La Sala Beckett presenta el resultado de su residencia 2018-19 dentro del marco del Grec Festival Barcelona. Victoria Szpunberg se inspira en el universo ideológico de Hannah Arendt para hablar de pedagogía y sobreprotección en Amor mundi. Una pieza que expone ideas y plantea preguntas de un modo no convencional.

Nos encontramos ante una propuesta con una narración fragmentada que huye de la necesidad de la ficción de desarrollar una trama con su introducción, nudo y desenlace. Aquí se manifiesta de un modo particular la idea del amor al prójimo casi como un acto radical. La autora y directora no oculta sus referentes pero sin renunciar a enriquecer el debate a partir de una situación concreta y cómo ésta afecta a tres personajes. En realidad, a varios más, aunque tres serán los presentes en escena. Una visión de la literatura dramática como herramienta de reflexión y pensamiento a través de la creación. ¿Cuáles son nuestros constructos sociales y cómo los asimilamos y aprehendemos como propios? Por insólito y al mismo tiempo efectivo, destacamos esta reflexión a partir de la posibilidad que se nos ofrece de parar a escuchar qué es lo que dice realmente una de tantos hits musicales del momento.

Arendt, Sia, educación, familia… ¿Cómo casa todo esto? No lo vamos a explicar aquí, pero la verdad es que la mezcla de «realidad» y ficción está bien resulta. Tanto por el contenido como por los canales soportados. Si bien es cierto que los referentes podrían ser estos u algunos otros, el discurso se sostiene tanto por su relevancia a día de hoy como por el trabajo de las tres intérpretes. Aina Calpe nos muestra a su personaje desde una cierta (y buscada) frialdad inicial que le permite ocultar todo lo que termina por salir a la luz. Marta Angelat realiza una aproximación de envergadura al texto, acompañada por un destacable resultado en su movimiento escénico, en consonancia siempre a la evolución de la Aurèlia. A su vez, Blanca Garcia-Lladó nos muestra una espectacular habilidad para mutar de personaje y nos sorprende con trabajo físico perfectamente integrado con y en el espacio y con una comicidad explosiva (y muy elocuente), siempre canalizadora de la tensión imperante.

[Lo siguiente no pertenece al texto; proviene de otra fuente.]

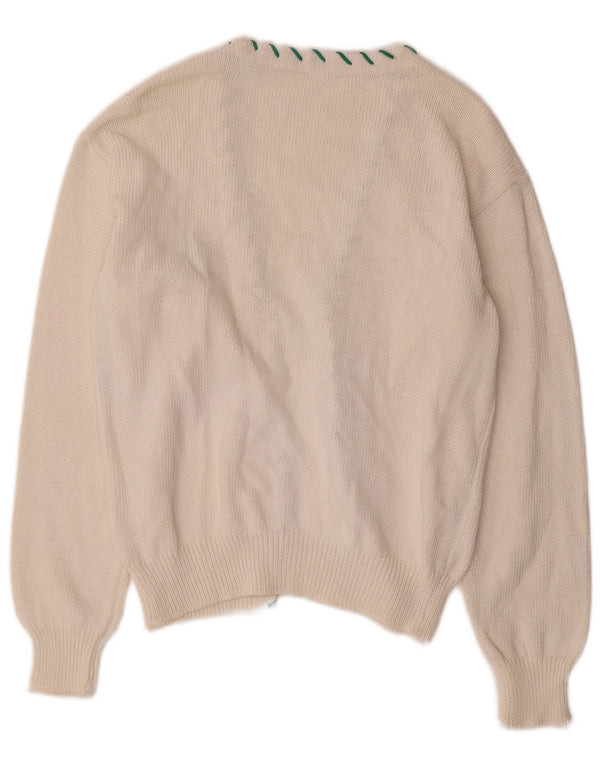 VINTAGE Pull Cardigan Ouvert Femme UK 14 Blanc Moyen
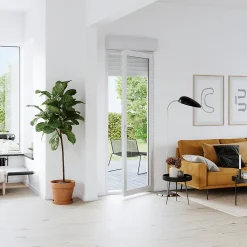 GoodHome Porte fenêtre PVC 1 vantail tirant + volet roulant électrique blanc - l.80 x h.205 cm, tirant droit- Porte-Fenêtre En Pvc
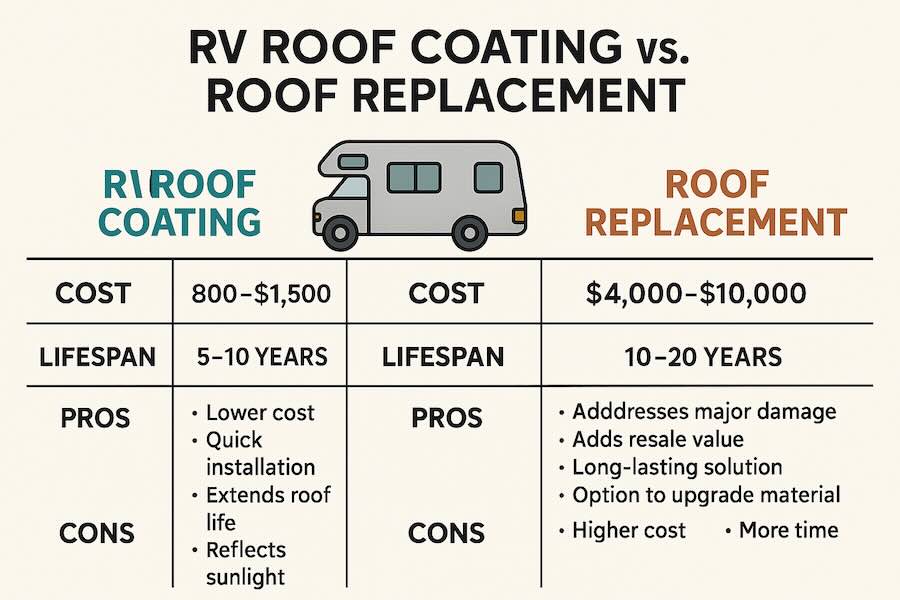RV Roof Coating vs. Roof Replacement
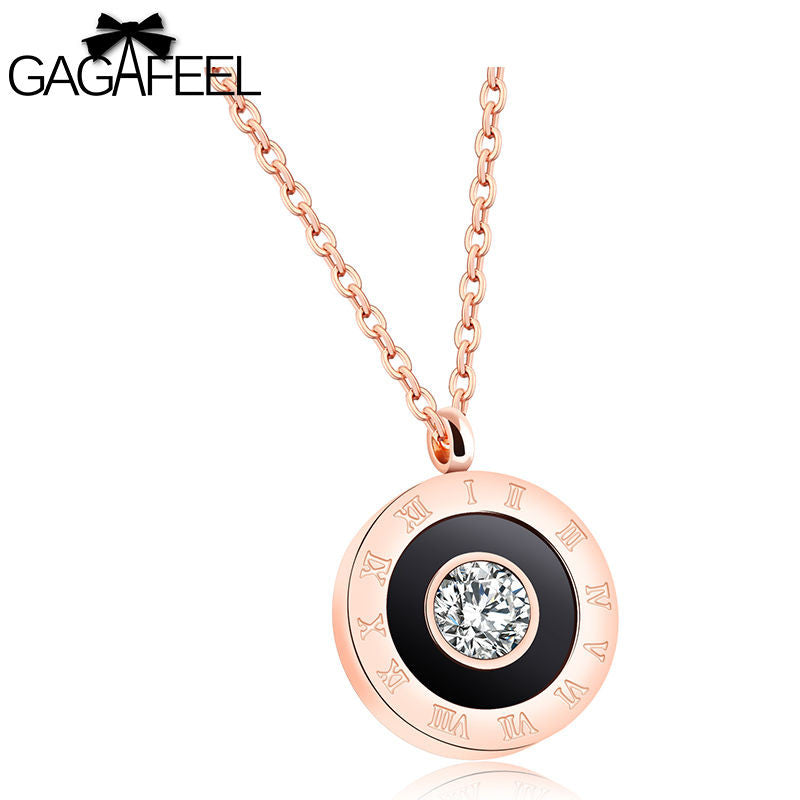GAGAFEEL Round Roman Numerals Pendant Necklace Women Choker Stainless Steel  Zircon Rose Gold Color Link Chain Clavicle Newest
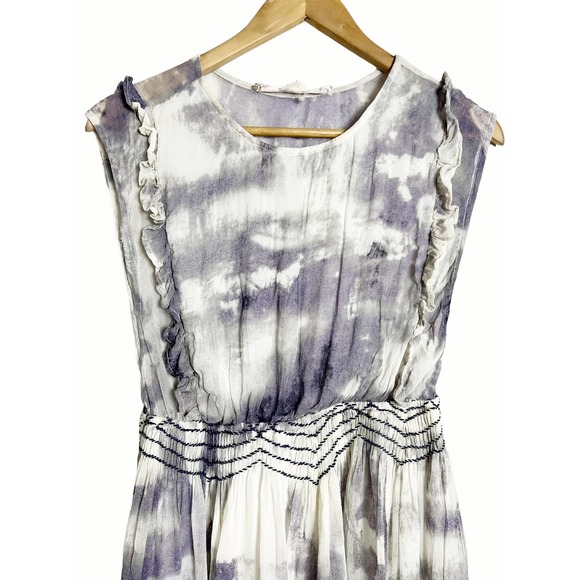 Chelsea & Violet Purple Ruffle Abstract Boho Midi Dress Size S - Picture 8 of 8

Hay un trabajo muy relevante en la puesta en escena y que entiende perfectamente la transversalidad de la pieza. La escenografía de Max Glaenzel nos sitúa frente a un semicírculo que tan pronto representa un aula como el hogar. Esto hace que nos preguntemos, como le sucede a la protagonista, qué es real y qué no y que nos planteemos en qué lugar suceden las cosas. Las importantes. Teniendo en cuenta que la temática se argumenta a partir de la educación y la sobreprotección esta dualidad está especialmente bien plasmada. También gracias a la meritoria iluminación de Paula Miranda que oscurece el espacio de un modo simbólico con respecto a la pérdida de visión de la protagonista. A su vez, se naturaliza la presencia audiovisual dentro de la propuesta, algo que contrasta para bien con el enfático espacio sonoro de Lucas Ariel (ya sea por su presencia o por su ausencia). Un espacio onírico muy sugerente que deja vía libre a la imaginación aunque también podremos elegir (o combinar) nuestra voluntad de seguir la trama.

Finalmente, Amor mundi se convierte en un intento de practicar el bien a través del arte, en este caso el teatral, en un contexto en el que el espacio público vuelve a colocarse en el centro y núcleo de todas esas preguntas que aquí se plantean. Las respuestas las pone un público guiado por todos los implicados en la propuesta, siempre con respeto y sensibilidad. Y, además, Szpunberg realiza un gesto de justicia poética, ya que la pieza tiene por título el que Arendt deseaba para «La condición humana». Asertiva y, al mismo tiempo, poética propuesta.